This article shares five important tips for ethical investors in Australia, including how to explore a company’s workplace culture and ESG policies.
Using a share brokerage account you can buy just about anything you want, including Australian shares (ASX), international shares (you might need a separate US share trading account for this) or Exchange-Traded Funds (ETFs). Direct or individual share investing gives you maximum control over your investments. While control can be great, it comes with a heavy responsibility on you.
If you want to go down this road, please take our beginner shares course, subscribe to 3 newsletters or podcasts, and just read or listen for a month before you buy anything. And start small.
The minimum amount you need to own ASX (Australia) shares is $500, plus a small amount for brokerage (e.g. $10 per buy or sell).

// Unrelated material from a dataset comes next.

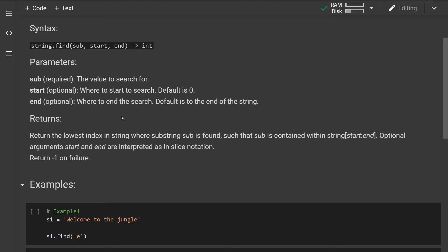Two other parameters are optional, where the first one specifies the start of the search—the default value is zero or the beginning of the string—and the second parameter signifies where to end the search. By default, this is the end of the string.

I would start with a few ETFs (see below) before buying individual shares…
Ok, so, you’ve heard my warnings. Now… onto my tips for ESG investors.

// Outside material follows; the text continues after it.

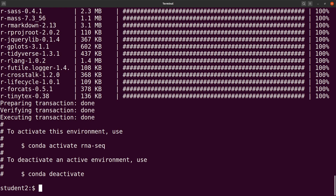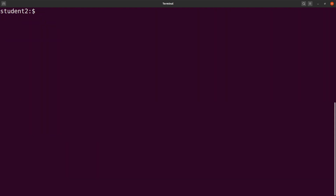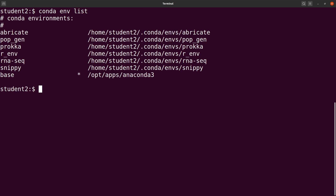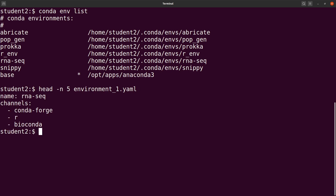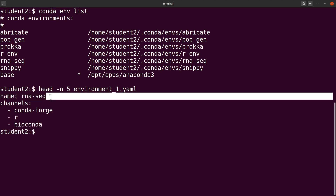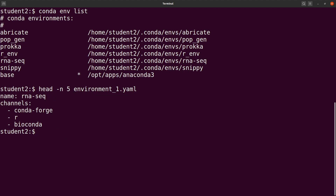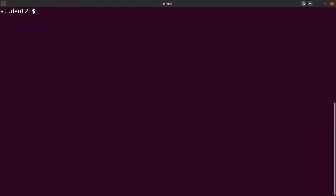Installation is complete. Let's clear the screen and continue. The next thing we have to do is to activate our environment. To activate, you need to call conda and specify the environment name. If you don't know the environment name, you can check by saying conda env list — this will show the environments on your system. Our environment is called RNAseq. You can also confirm it by doing a head on the environment file. So let's say conda activate RNAseq. We now have the environment activated.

Avoid industries you don’t like
It just so happens that the reason I avoid investing in mining shares has nothing to do with my ethical compass. I just don’t think they’re great investments for someone like me (I know nothing about mining). You don’t need to get really technical with this — just use a piece of paper to write down a list of businesses or industries you want to avoid and don’t go there.
However, there is one hard part to this: don’t get envious of other people making money in that industry. Mining, for example, is filled with rags-to-riches stories and “traders” (and even some investors) will brag about their one stock that has done well. This is just one example (mining). Again, I’m not saying “mining is unethical” (full disclosure: I think some mining is essential for humanity to move forward).
Understand the business
Read the annual report, Segment report & company ‘about us’ page.
This is the most important part of all stock market investing — and yet it’s the one thing most investors don’t do! Let me give you an example. I believe (reminder: my values, not yours) most gambling and gaming is one of the destructive forces in our society — especially amongst young males and vulnerable elderly people, so I avoid companies/stocks that are involved in this industry — and type of business.
Let’s use an example: on the ASX there’s a company called Aristocrat Leisure Ltd (ASX: ALL). Its ticker code is ‘ALL’ and it is found on Australia’s ‘ASX’. If you visit the company’s ‘About Us‘ page you might find some great words about “creativity” and “rich history of innovation” and a mission to “bring joy to life through the power of play”. Sounds good so far… but then you dig a little deeper and realise a big part of Aristocrat’s business is pokie machines and casino gaming. This is not a knock on Aristocrat — Crown Resorts Ltd (ASX: CWN), Jumbo Interactive Ltd (ASX: JIN), Star Entertainment Ltd (ASX: STR) and many others do a similar thing.
You can and should read a company’s annual report, or at least the Chairman and CEOs address when it is published. You can find this on the company’s investor relations website (google the company name + “investor relations”) or by going into your brokerage account and filtering for the latest annual report. Finally, in an annual report, there’s something called a “segment report” (buried in the accounting notes). This will show you each of the company’s major business lines. Sometimes companies don’t disclose much in their segment report, so you might need to dig a little deeper online.
Check ESG policies (if any)
Right now, it’s not a clear-cut responsibility for companies to disclose their exact stance on ESG in reports (accounting bodies are working on this). However, many large Australian and US companies have got on the front foot and produce an ESG or sustainability report, which may be available on their website.
For example, do an internet search for “CBA sustainability report”. Have a read-through. Sometimes companies disclose ESG information on their website.
Workplace culture
I’ve found a good sign of a crappy investment (arising from poor management), is terrible workplace culture. This is a tip for job seekers and investors alike. Use Seek Companies (for Australian companies) and Glassdoor (for international companies) to see honest reviews of company management teams and workplaces. Important warning: keep in mind that some companies need a ‘harder’ environment to be a success.
For example, Flight Centre Travel (ASX: FLT) is one of Australia’s top-performing travel agents, but it scores (at the time of writing — late 2020) around 40% on Seek for would “recommend this employer to friends”. Many disgruntled people also leave many reviews. What you might be looking for is a bad score plus repeated reviews mentioning issues with something you’re not comfortable seeing in a business (e.g. harassment, indigenous issues, bullying, underpayment of wages, etc.).
Explain the investment to someone else before you invest
Always consider the risks.
This is powerful — in more ways than one. I used to call this my “better half test” because I’ve found, time and again (and often the hard way!), that when you explain an investment or strategy to someone — no matter their level of financial knowledge — cracks appear. Big cracks.
Using a piece of paper, your phone’s note-taking function or an investment journal, jot down 6 dot-points about the investment or change (e.g. in Super) you want to make.
Make 2 of them ‘key risks’ or ‘here’s what could go wrong’. Summarise them with your partner, friend or family member.
Chances are you will find some cracks in your knowledge — and that’s a good thing.
Take note of them and go back to your research with the aim of filling in those gaps with answers. Rinse and repeat this process until both you and your investing accomplice are happy to go ahead with the investment.